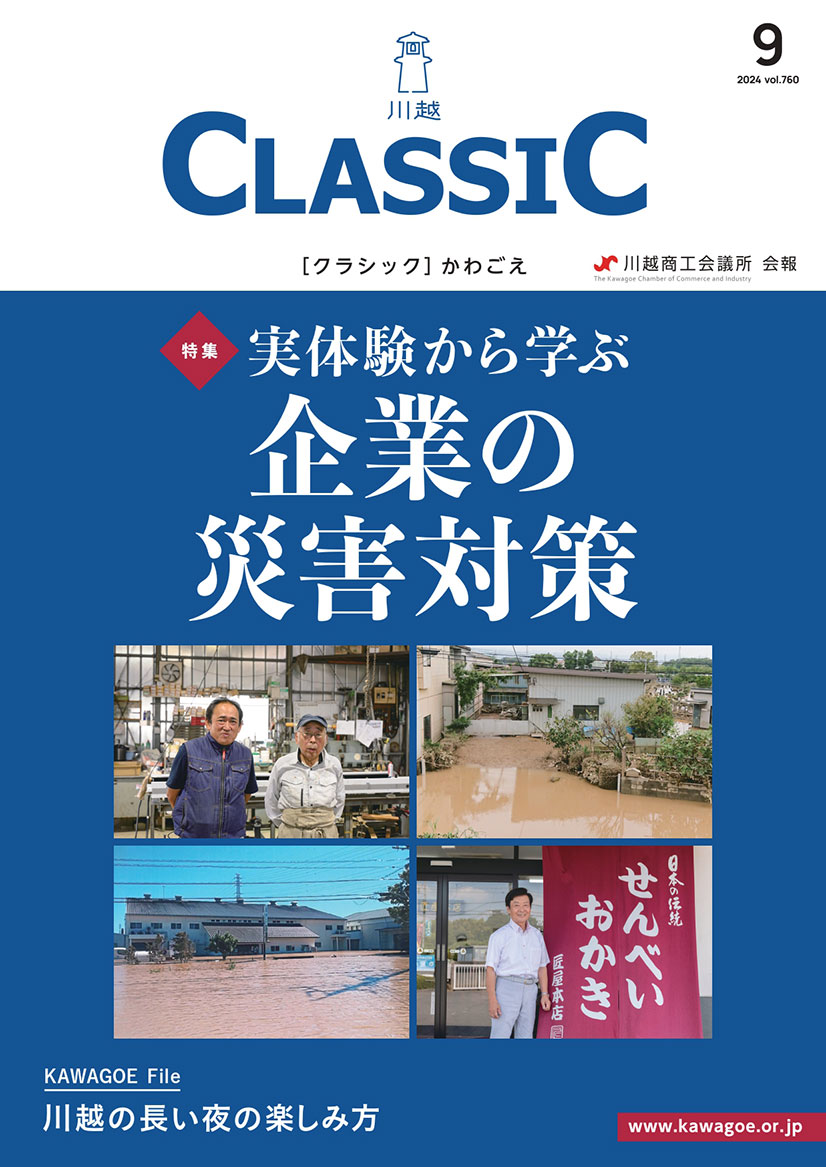 classic2024年9月号表紙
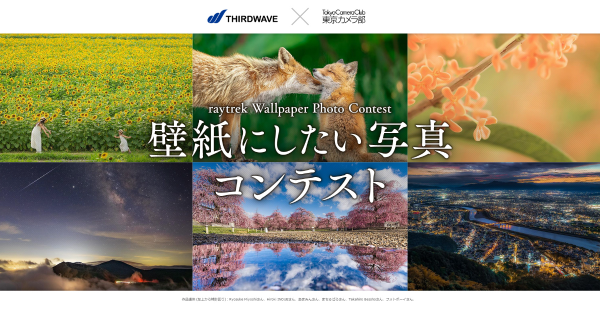 【レイトレックよりリリース】raytrek『東京カメラ部10選』井上浩輝氏、別所隆弘氏監修モデルに4モデルを追加「壁紙にしたい写真コンテスト」同時開催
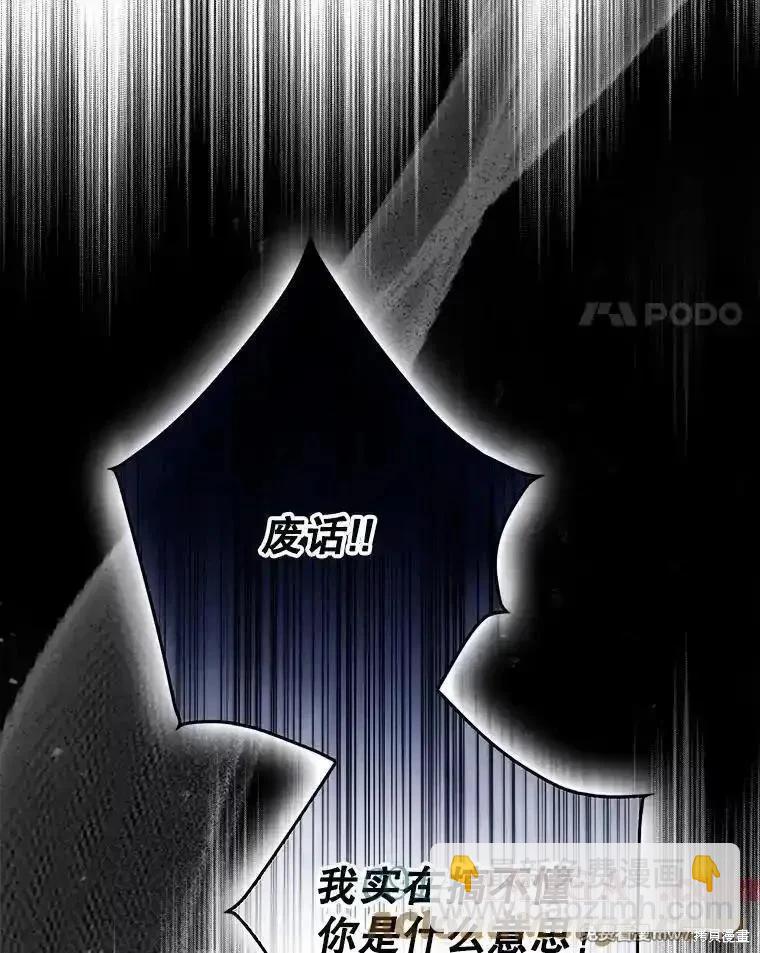 第115话40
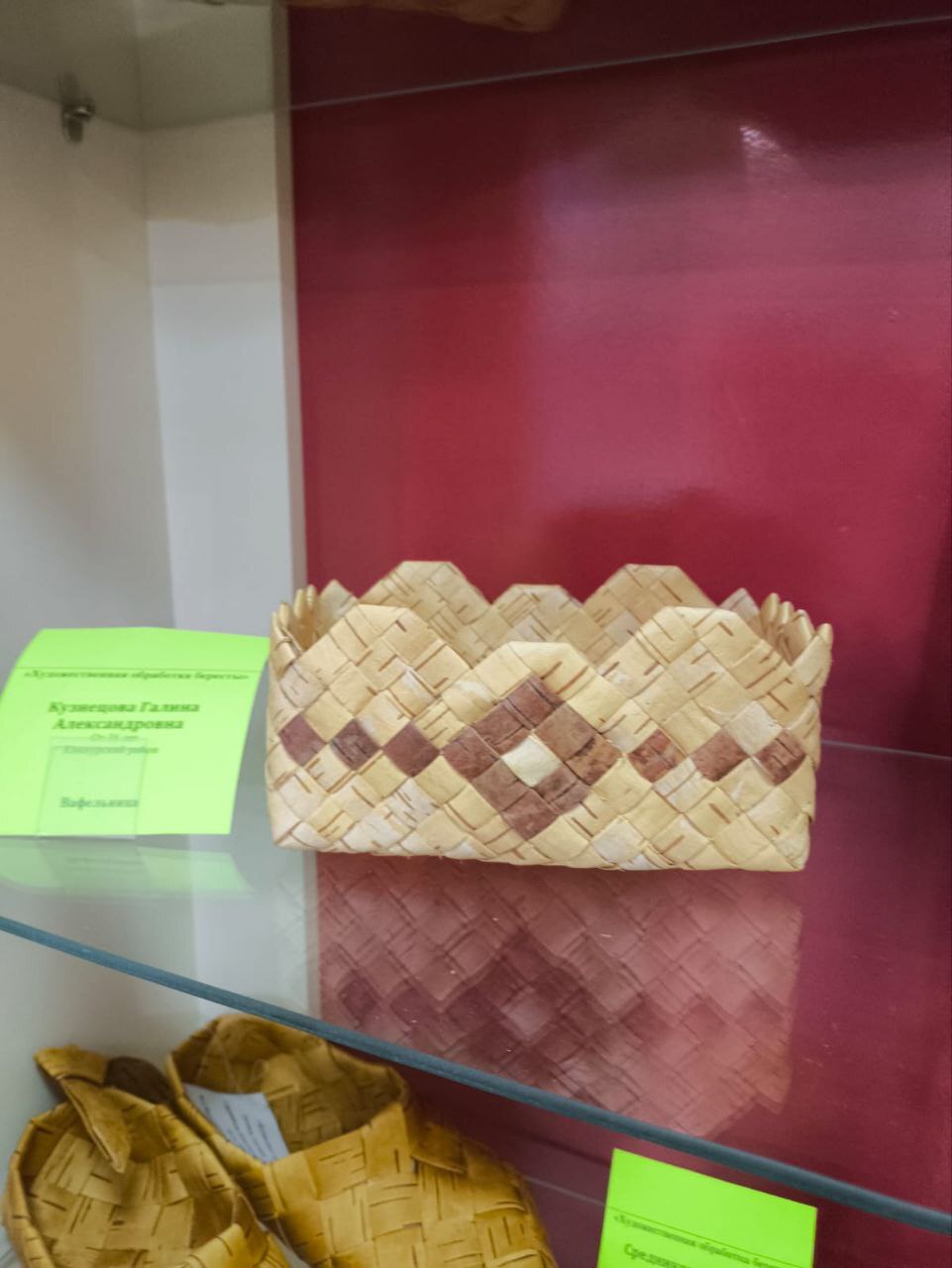 Мастеровые Вятки.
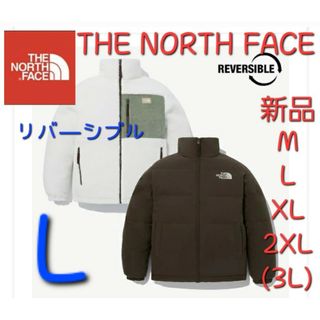 THE NORTH FACE(ダウンジャケット)のフリマアイテム一覧 THE NORTH FACE(ダウンジャケット)のフリマアイテム一覧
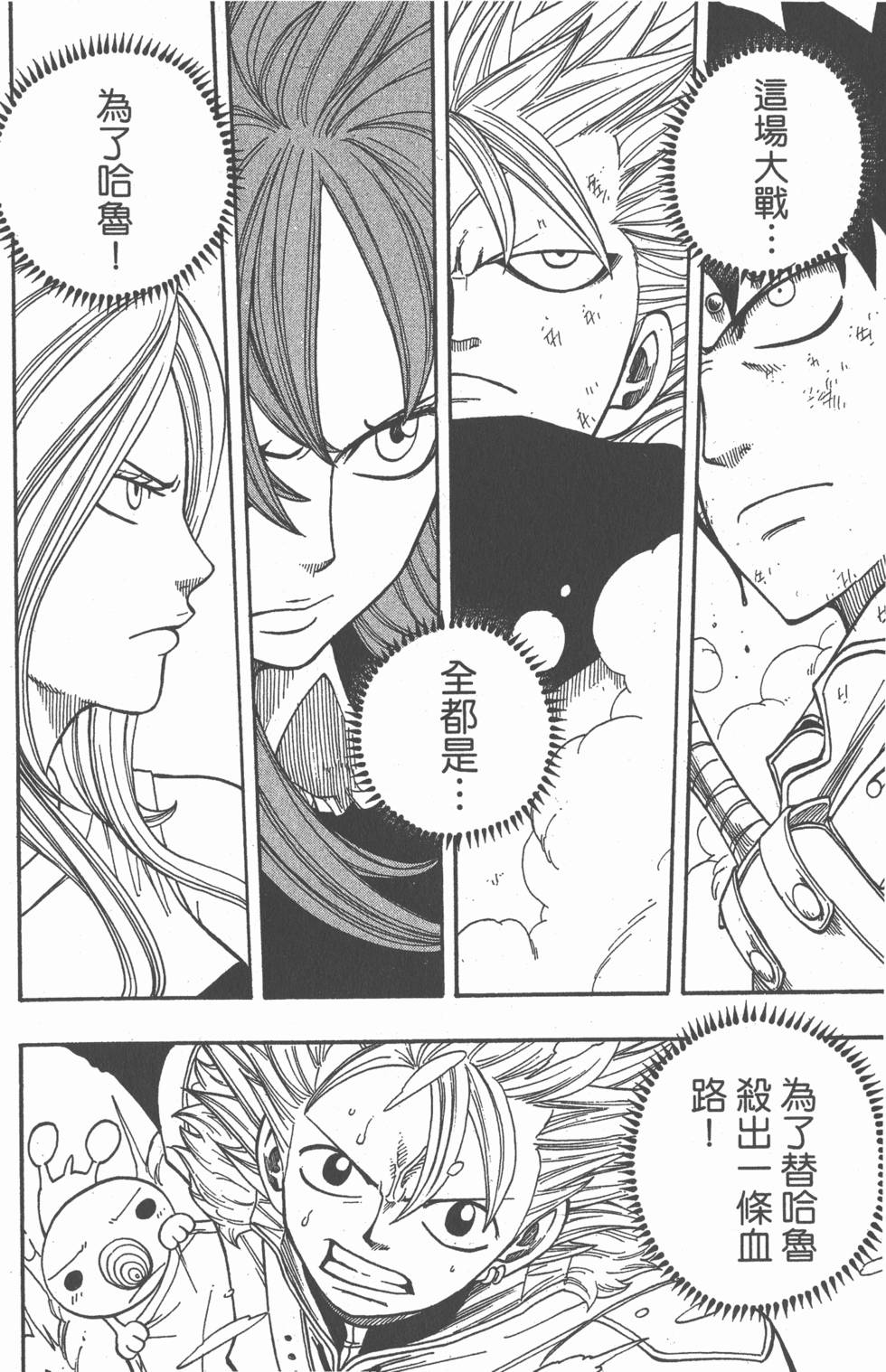 第100页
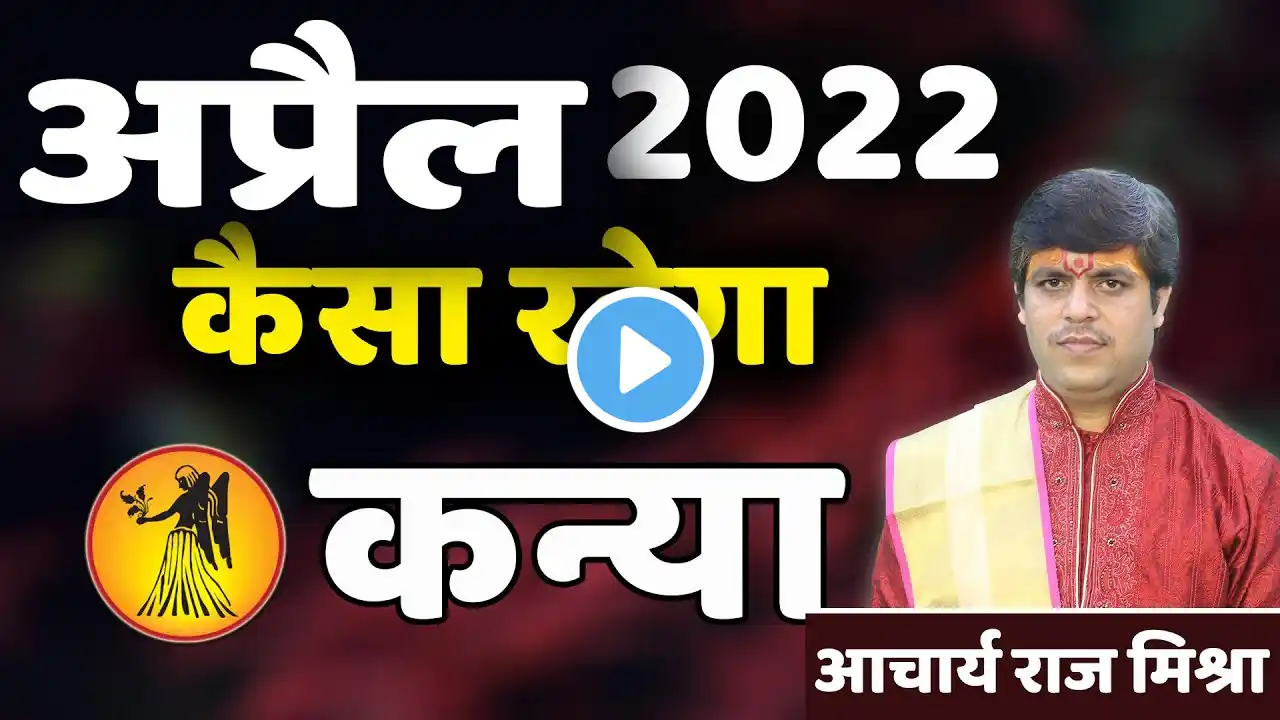 Kanya Rashi April 2022| Virgo Horoscope Prediction 2022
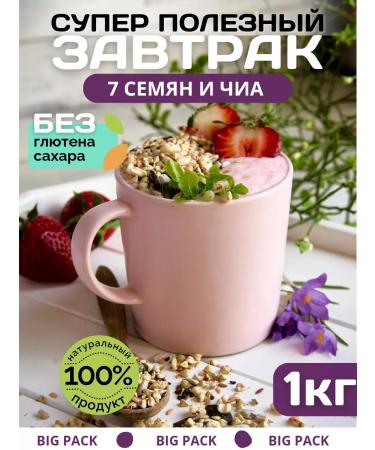 NastinSlastin Dry breakfast 1 kg of buckwheat 7 seeds and chia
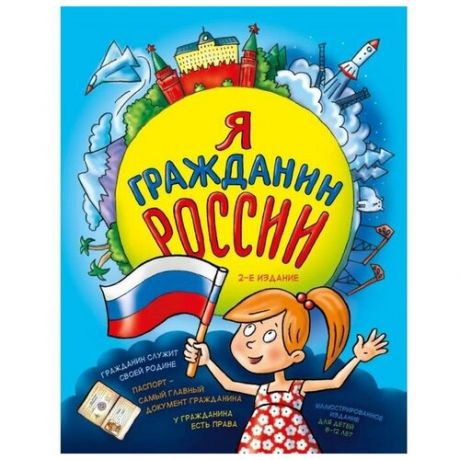 Эксмо Я гражданин России. Иллюстрированное издание (от 8 до 12 лет). 2-е издание. Андрианова Н. А.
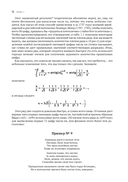 Красота простой физики — фото, картинка — 28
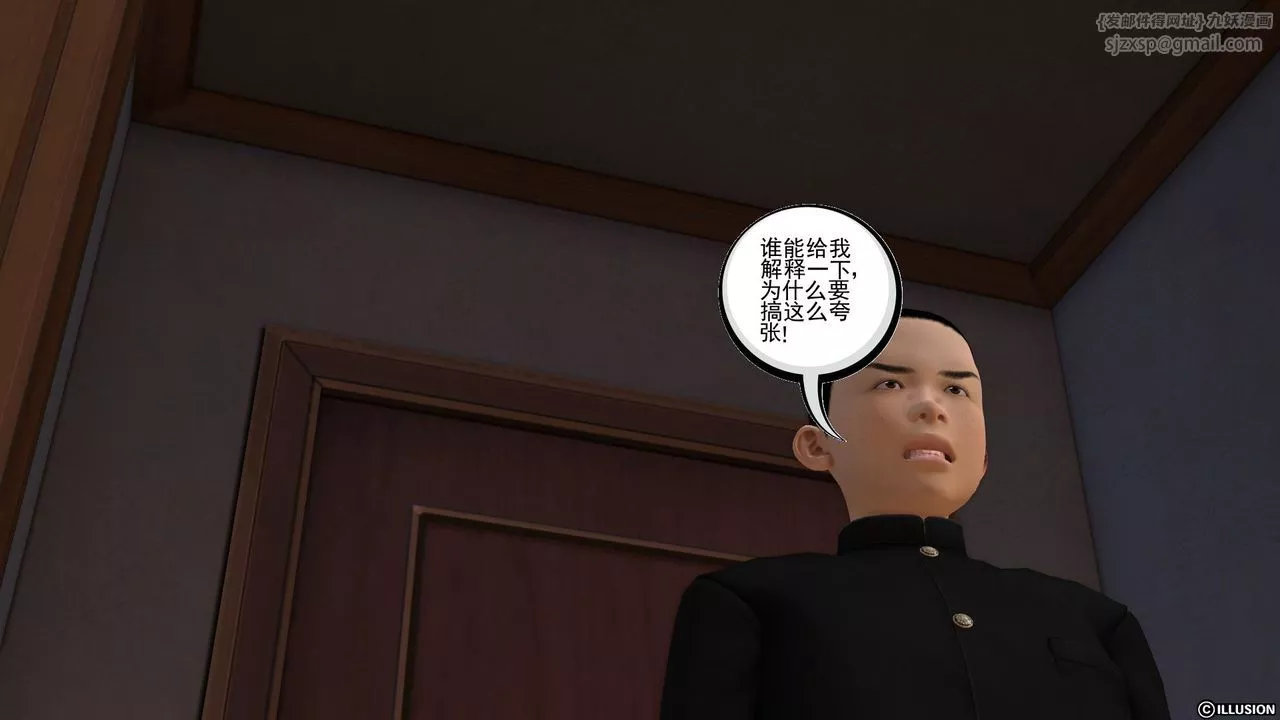 [3D]降魔传-第27话 - 图片 28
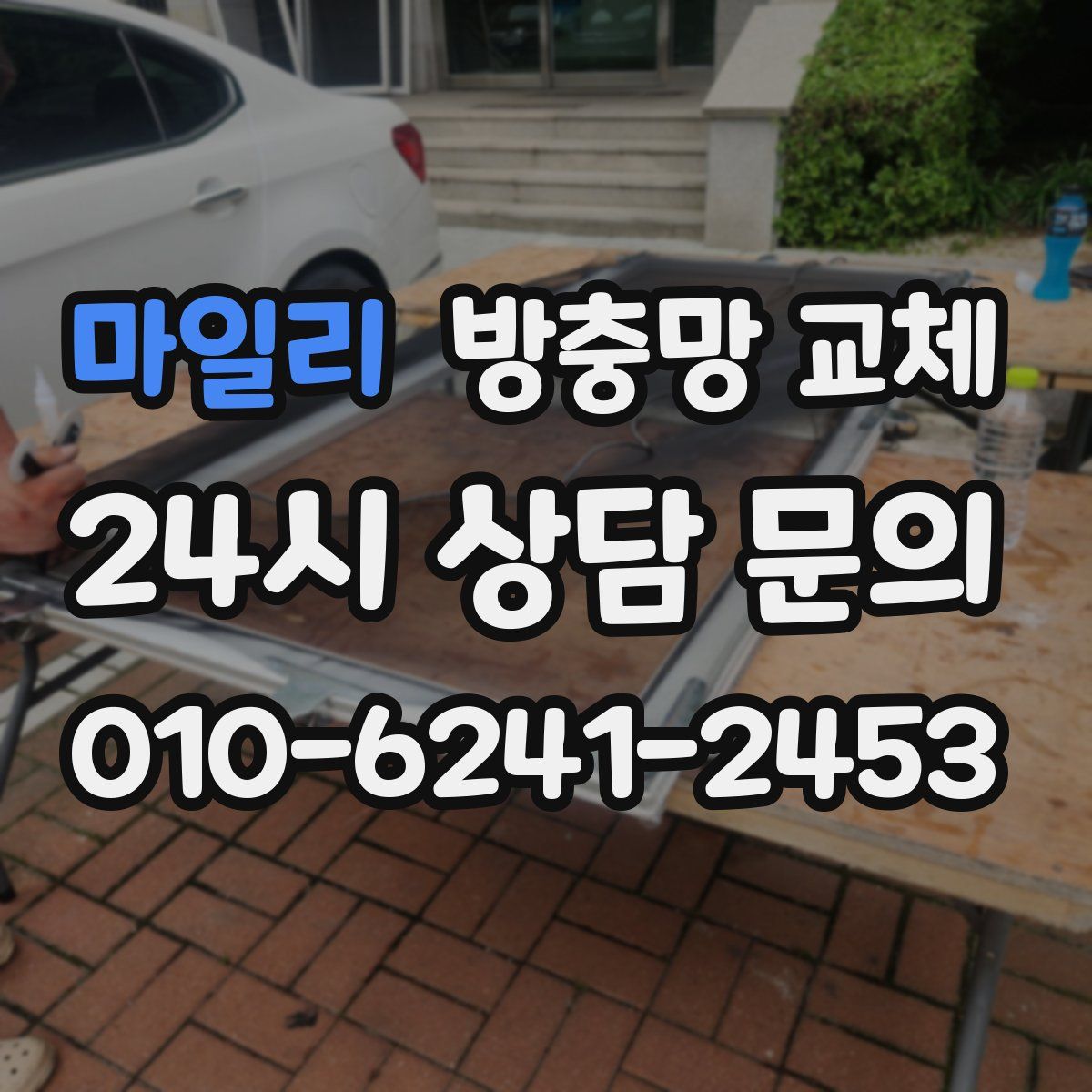 마일리 방충망 교체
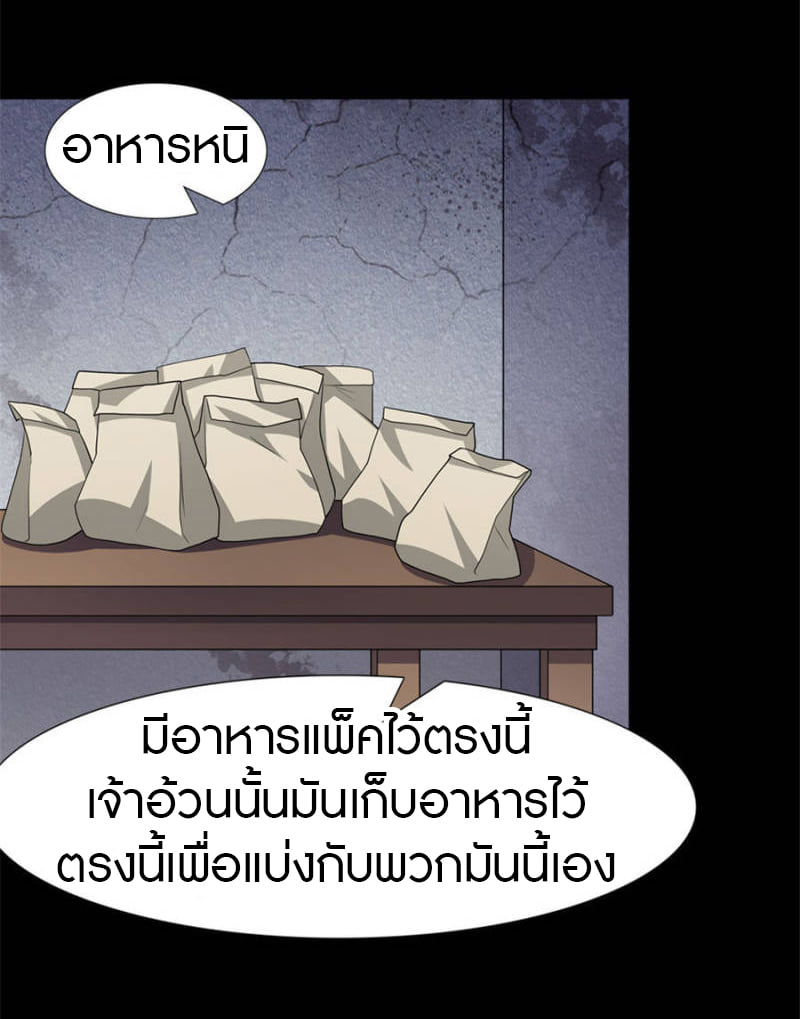 อ่านมังงะ My Girlfriend Is a Zombie ตอนที่ 75/21.jpg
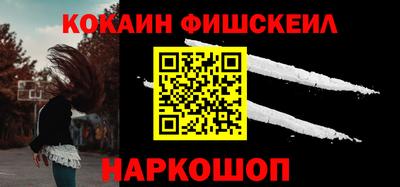 ALPHA PVP Донской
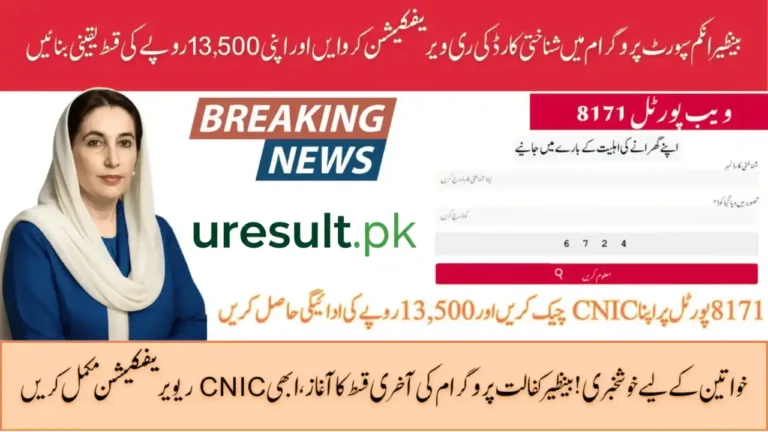 BISP 8171 Q4 2025 Installment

★ ★ ★

Exercise requirements
Starting at the line that contains "Красота простой физики — фото, картинка — 28", output every line through the end of the data, both ends included, and nothing else; pictures stay out.

Exercise solution
 Красота простой физики — фото, картинка — 28
 [3D]降魔传-第27话 - 图片 28
 마일리 방충망 교체
 อ่านมังงะ My Girlfriend Is a Zombie ตอนที่ 75/21.jpg
 ALPHA PVP Донской
 BISP 8171 Q4 2025 Installment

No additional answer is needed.